A team this talented should not be kept out of the playoffs. And yet, with nine games to go in the regular season, Ottawa’s playoff outlook sits where it has just about all season – 50 per cent, dancing on the razor’s edge.

It shouldn’t be this close; certainly not for a team ranked 11th in goal differential (+18) on the season, and certainly not for a team with a top-10 scoring offence. But the goaltending woes that have ailed this franchise for large stretches of the past two decades have roared back at the worst possible time, and the poor reliability at the position has prevented Ottawa from pushing their way up the standings.

It starts with the big bet on Linus Ullmark a season ago; the Senators committed $33 million to the Swedish netminder in October of 2024. Fast forward one year, and Ullmark’s game has seemingly disintegrated. His underperformance may have a lot to do with his intra-season leave of absence – Ullmark courageously came out and acknowledged he’d been dealing with mental health issues in December, and to the team’s credit, they have supported him along the way.
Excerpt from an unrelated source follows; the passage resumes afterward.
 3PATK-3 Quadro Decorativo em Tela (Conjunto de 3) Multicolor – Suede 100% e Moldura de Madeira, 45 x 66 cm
But challenged play and intermittent availability, including a curious absence in a crucial game against the Tampa Bay Lightning on Saturday for rest (Ottawa went on to lose in regulation), has put the Senators goaltending depth chart in a bind.

Backup Leevi Merilainen was so poor in 20 games he was sent down to AHL Belleville, placing the keys of the No. 2 role in the hands of well-travelled 38-year-old James Reimer.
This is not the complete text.